Tropezón para el libro electrónico

Muchos conservamos libros que pertenecieron a nuestros padres y abuelos, y entendemos que así ha de ser con los que compremos en adelante, por mucho que sean digitales.

Las editoriales estarán de enhorabuena. Amazon, la punta de lanza del libro electrónico, la empresa que había logrado que en Estados Unidos cientos de miles de lectores se pasaran a las nuevas tecnologías en detrimento del papel, ha metido la pata hasta el corvejón. Hasta qué punto ese error frenará el desarrollo del libro electrónico es algo que sólo el tiempo podrá decir, pero de que será durante un tiempo un factor que eche para atrás a posibles conversos no tengo ninguna duda.

¿Pero qué es lo que ha hecho Amazon? Destruir el contrato, no escrito pero sí sobreentendido, que venía a decir que los libros que compramos son nuestros y nadie nos los puede quitar. Al fin y al cabo, muchos de los volúmenes que adquirimos no van destinados sólo a la lectura, sino también a ocupar un sitio en nuestras estanterías, a ser conservados, a ser releídos, a ser prestados a familiares y amigos. Muchos conservamos libros que pertenecieron a nuestros padres y abuelos, y entendemos que así ha de ser con los que compremos en adelante, por mucho que sean digitales. Un salto de fe, que diría Indiana Jones, harto complicado de dar, pues el formato electrónico ya pone muchas pegas de por sí, pues no ofrece la misma sensación de posesión que un libro físico.

De hecho, Amazon ya ponía trabas a ese cambio de mentalidad mediante la inclusión de mecanismos de protección (DRM) en los libros electrónicos que vendía, que hacía más difícil considerarlos como propios. Pero el paso que dio el pasado viernes el gigante del comercio electrónico rompe por completo ese contrato intangible. Los lectores que habían comprado, de entre todos los títulos y autores posibles, 1984 y Rebelión en la granja de George Orwell se encontraron con que los libros habían desaparecido de su lector Kindle. Sin más. Es como si alguien hubiera entrado en su casa y se los hubiera robado.

La razón no está clara. Al principio parecía ser simplemente porque la editorial había pedido su retirada de la tienda de Amazon, pero luego porque resultó que dicha editorial no tenía los derechos para su publicación digital. Motivos suficientes para dejar de venderlos, pero no para hacerlos desaparecer de los lectores electrónicos de sus clientes. Por mucho que haya devuelto el dinero, Amazon ya no podrá devolver la sensación de seguridad que hasta ahora tenían sus clientes en aquello que compraban. La empresa ha prometido no volver a cometer este error, y probablemente la gente vuelva a confiar en ellos como antes.

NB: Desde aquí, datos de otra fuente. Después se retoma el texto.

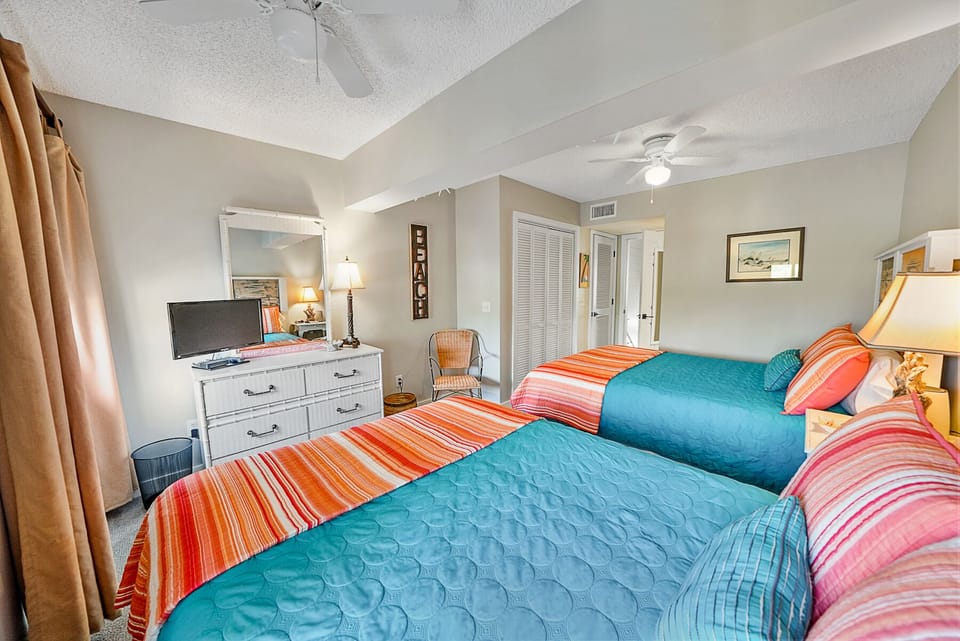 Drift off to peaceful sleep in this bright bedroom featuring twin beds with vibrant tropical bedding and calming coastal touches.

Pero aunque suene mal, ojalá no suceda y alguien tome el relevo, aunque retrase un poco la implantación del libro electrónico.

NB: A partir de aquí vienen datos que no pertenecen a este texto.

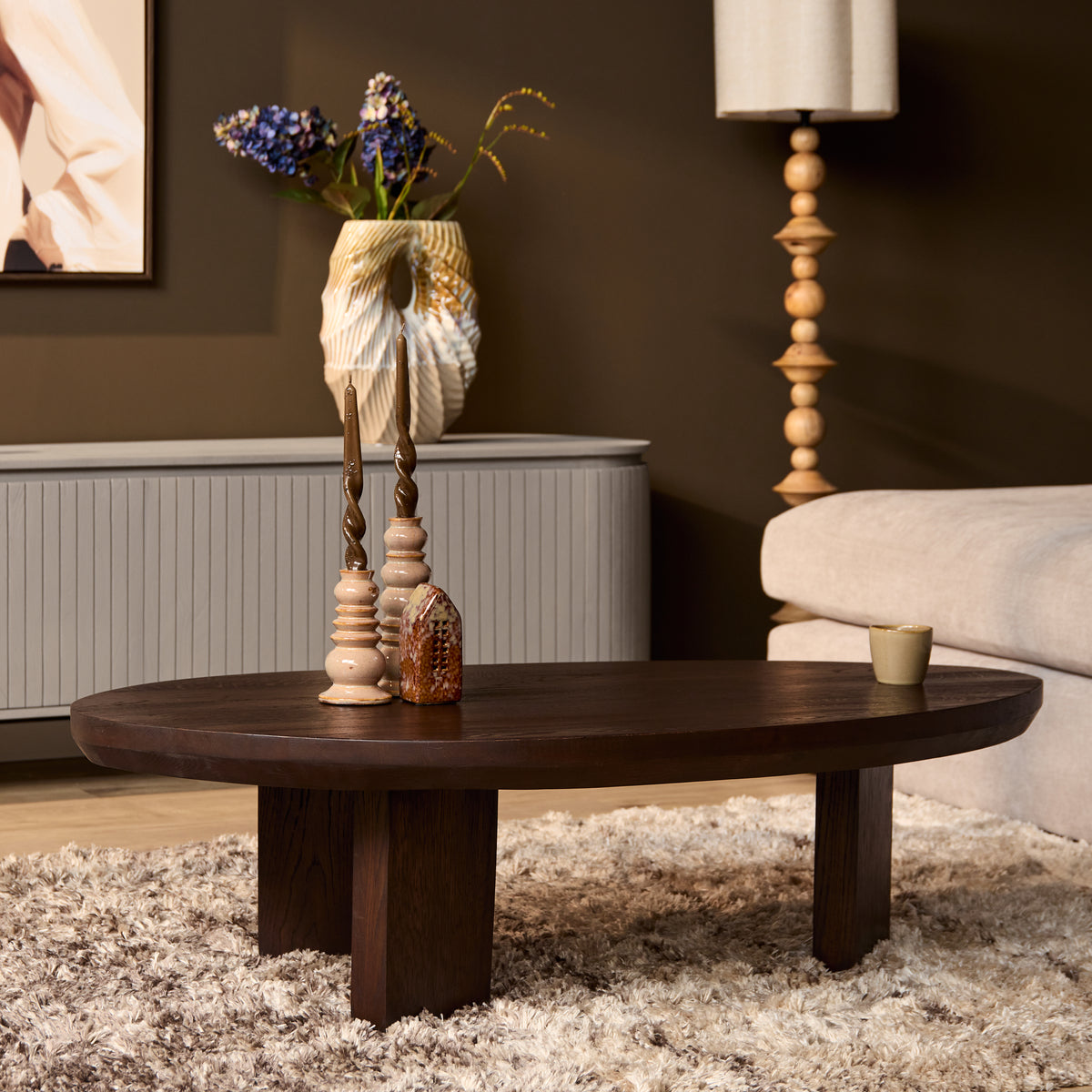 Donkerbruine ronde eikenhouten salontafel met vier korte poten en decor op blad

Como argumenté hace unos meses, Kindle es un camino equivocado. La forma de enganchar a los futuros usuarios de lectores electrónicos son precios bajos y la eliminación de restricciones. Si no, se acostumbrarán a buscar ilegalmente en internet lo que no se les ofrece legalmente en las tiendas. Seguramente Amazon haya seguido esa vía para convencer a las editoriales de dar el salto del papel al mundo de los bits, pero es un salto que tendrán que dar, quieran o no, en cuanto existan dispositivos que supongan una experiencia comparable, en términos de placer de lectura, con un objeto tan antiguo y refinado a lo largo de los siglos como es el libro. Porque si no lo hacen, se encontrarán en el incómodo papel de la industria discográfica, y no creo que nadie en el mundo quiera ese destino.